LAWRENCE — The defense attorney for police officer Melix Bonilla said he will continue pushing for full access to the personnel records of Jay Jackson, a fired police department civilian employee who’s viewed as a “key witness” in Bonilla’s criminal extortion, fraud and conspiracy case.
Bonilla, a political ally of former Mayor William Lantigua, is accused of an illegal car swap involving city-owned cars. He is scheduled for trial on April 17.
Defense attorney Alex Cain, in court papers, said Jackson, during his tenure with the police department, was the target of multiple internal affairs investigations and may have been granted leniency if he testified at the Essex County Grand Jury against Bonilla. In a motion filed in late January, Cain asked the city of Lawrence to turn over Jackson’s personnel file, including investigative and internal affairs reports.
But last week, when the city did turn over documents pertaining to Jackson, Superior Court Judge John Lu impounded the paperwork, saying some of the records may be privileged. Lu did specify that Cain could have “redacted access” to some of the Lawrence Police Department documents, according to court papers.
In response, Cain said he will be filing additional discovery motions on March 20 when he and Bonilla return to court.
“We are trying to get full access to everything,” said Cain.

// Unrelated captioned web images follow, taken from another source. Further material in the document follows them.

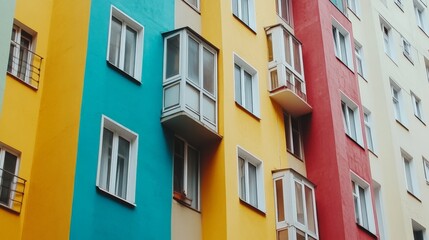 Fototapeta premium Colorful Contemporary Apartment Complex with Minimalist Style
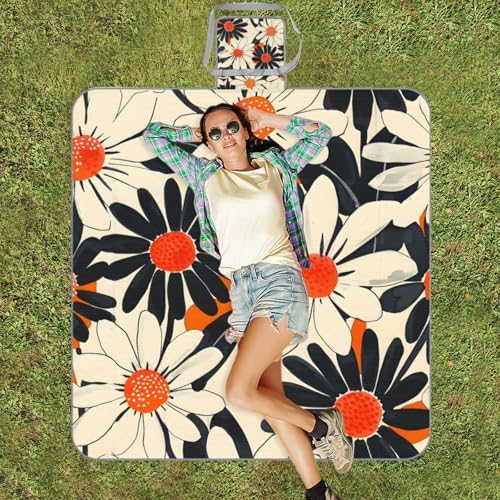 Picnic Blankets Waterproof Rug, 59*57inch Outdoor Camping Blanket Portable with Carry Strap, Packable Beach Blanket Sandproof, Family Camping Mat for Grass Concert, Park, Travel (Flower Orange) - Image 6
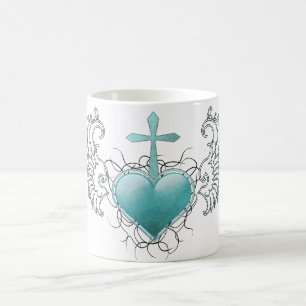 Zuverlässiges blaues Kristallherz Kaffeetasse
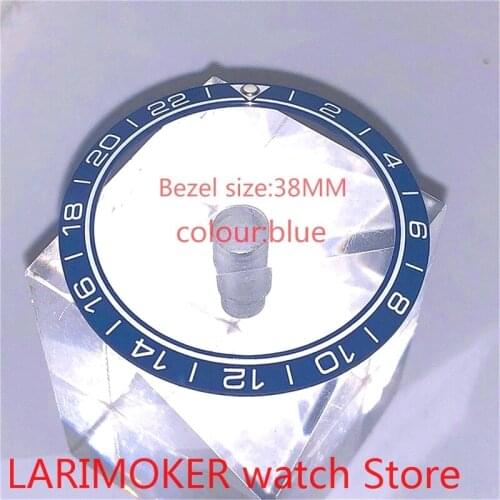 BLIGER brand new high-quality 38mm blue rotating glass bezel, suitable for 40mm mens watch with automatic winding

Jackson served as both the police department’s unpaid auxiliary police chief and civilian facilities manager. He was suspended as auxiliary police chief in September and fired as facilities manager after Mayor Daniel Rivera succeeded Lantigua on Jan. 2.
In his motion for the personnel records, Cain said Jackson “may have been coerced into making a damaging statement against (Bonilla).”

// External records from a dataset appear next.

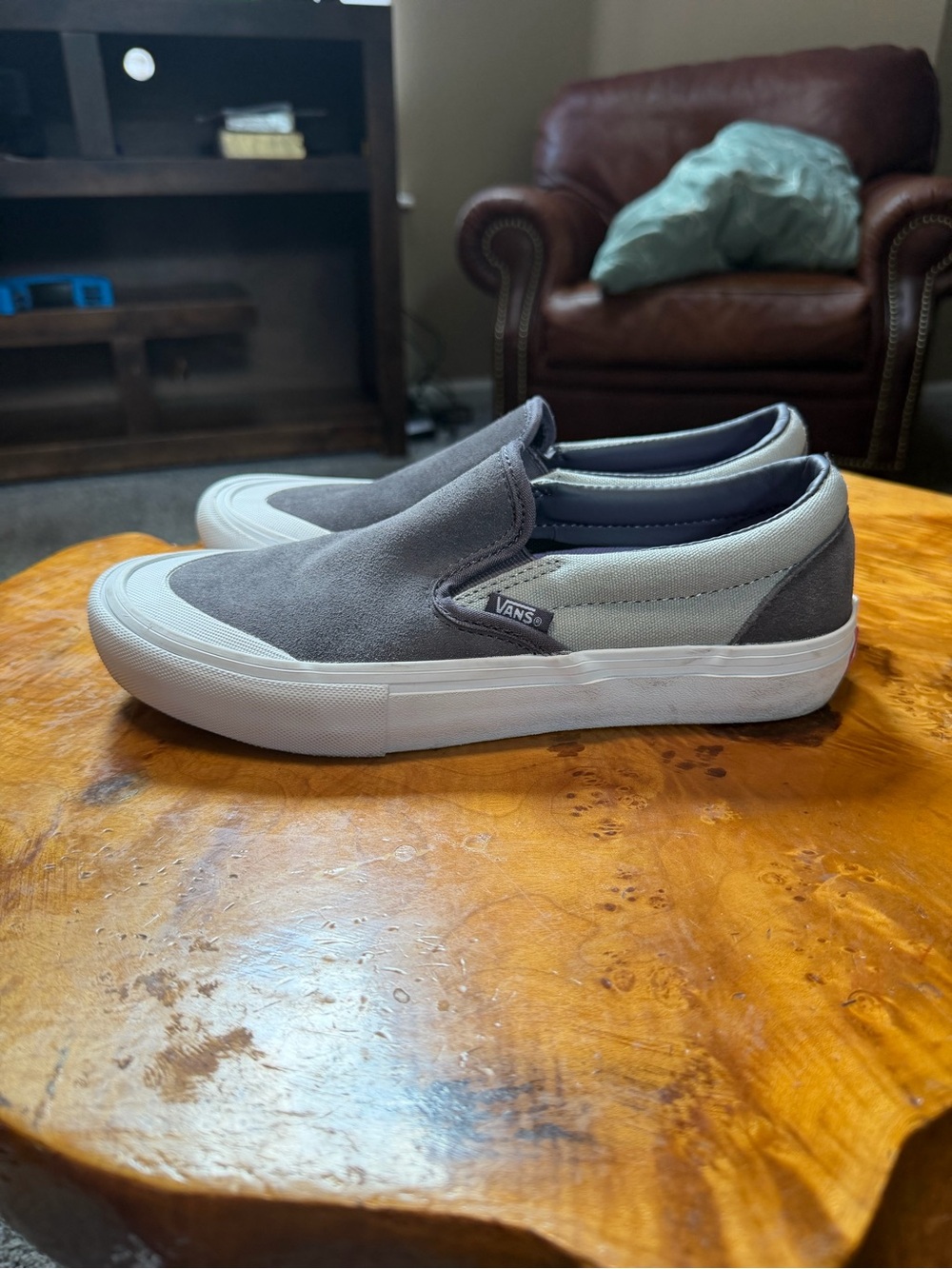 Vans Slip-On Pro Periscope Drizzle Grey Skate Shoes Men Size 7 / Women Size 8.5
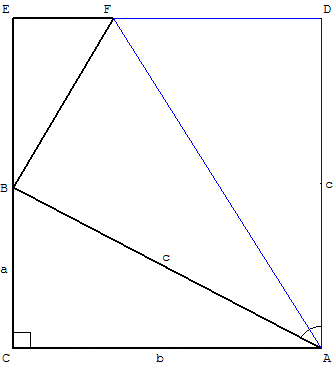 theoreme de pythagore - calculs avec des triangles semblables dans un rectangle - copyright Patrice Debart 2003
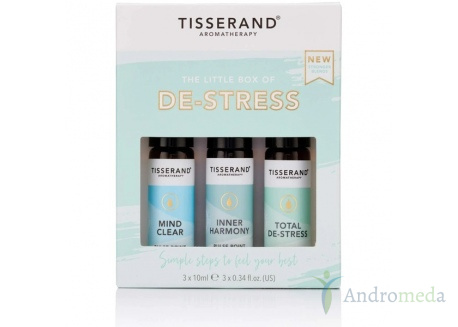 The Little Box of De-Stress - Zestaw olejków eterycznych roll-on na odprężenie (3 x 10 ml) Tisserand
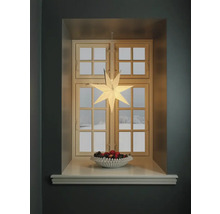 Festliche Fensterdekoration mit beleuchtetem Stern, Obstschale und Blick auf eine Winterlandschaft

Jackson testified against Bonilla at the grand jury on April 25, 2012. Bonilla was indicted on September 11, 2012. And former Police Chief John Romero dismissed an internal affairs investigation against Jackson on Dec. 27, 2012, Cain wrote in the motion.
However, Romero, who retired in September after 15 years as chief, previously denied there was any truth to Cain’s allegations regarding Jackson.
In February 2013, after obtaining police department internal affairs documents, the Eagle-Tribune reported that Jackson was disciplined in 2012 for sexually harassing men he commanded as auxiliary chief. One complaint alleged Jackson parked his cruiser under a bridge while on a midnight patrol with another officer and graphically described sexual torture by Afghan terrorists.
“He informed me of their torture methods and one of them happened to be to single out homosexual men and then take gorilla glue and then squeeze bottles and bottles of the glue up their rectum, causing their stomach to explode,” William DeBenedetto Jr. wrote in one complaint on May 1, 2011, after he had resigned from the force.
“He then proceeded to question my opinion on the subject matter along with my views on homosexual men. I was immediately uncomfortable with the situation,” DeBenedetto wrote.
Sgt. Emil DeFusco, commander of the Police Department’s Internal Affairs Division, interviewed 22 past and current members of the auxiliary force, including Jackson, after receiving the complaints in 2012, according to the documents.
The Eagle-Tribune obtained a copy of DeFusco’s investigation after requesting it under the state’s Public’s Records Law. City Attorney Charles Boddy redacted information about how Jackson was disciplined, which the law allows.
In September 2013, Jackson was relieved of his duties as auxiliary chief amid an unspecified police department investigation. He never regained the auxiliary chief’s position, which he held for 26 years, prior to his firing as civilian facilities manager in January.
When he was called before the grand jury in Bonilla’s case, Jackson testified that Bonilla threatened to have him fired if he didn’t help the then deputy chief with an illegal swap of 13 city-owned cars for four Chevrolet Impalas.
The extortion, fraud and conspiracy charges were brought against Bonilla as a result of the car swap.
Jackson told grand jurors he feared losing his job; his only source of income and health insurance after he had a heart attack four years prior.
Also in January, after Rivera took office, Bonilla stopped receiving his $138,000 police department salary. After his indictment on Sept. 11, 2012, Lantigua allowed Bonilla, his former campaign manager who he promoted to deputy police chief from sergeant, to stay on paid administrative leave from the police department.
But after he was sworn in, Rivera suspended Bonilla, demoting him back to the rank of sergeant and moving to halt his pay. A hearing officer then ruled the city was justified in shutting down Bonilla’s paychecks.
Bonilla was indicted at the same time as Leonard Degnan, Lantigua’s former chief of staff, who is accused of pressuring a city trash hauler to donate a truck to Lantigua’s native Dominican Republic. Degnan’s criminal trial is scheduled for March 10.